Available data:
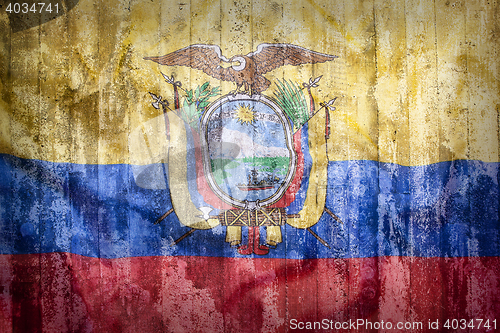 Image of Grunge style of Ecuador flag on a brick wall  
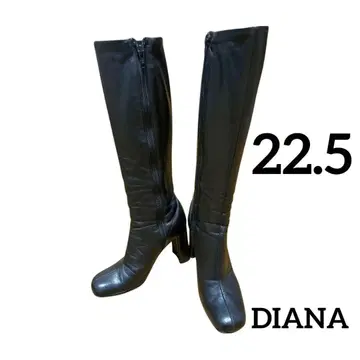 DIANA 롱 부츠 스퀘어토 와이드 힐 블랙 22.5cm 일본제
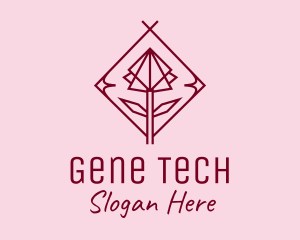 Maroon Geometric Rose  logo design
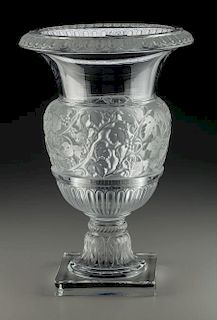 Lalique Clear and Frosted Glass Versailles Vase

Problem:
Send back every line above exactly, skipping all pictures.

Reply to the task:
 Image of Grunge style of Ecuador flag on a brick wall  
 DIANA 롱 부츠 스퀘어토 와이드 힐 블랙 22.5cm 일본제
 Maroon Geometric Rose  logo design
 Lalique Clear and Frosted Glass Versailles Vase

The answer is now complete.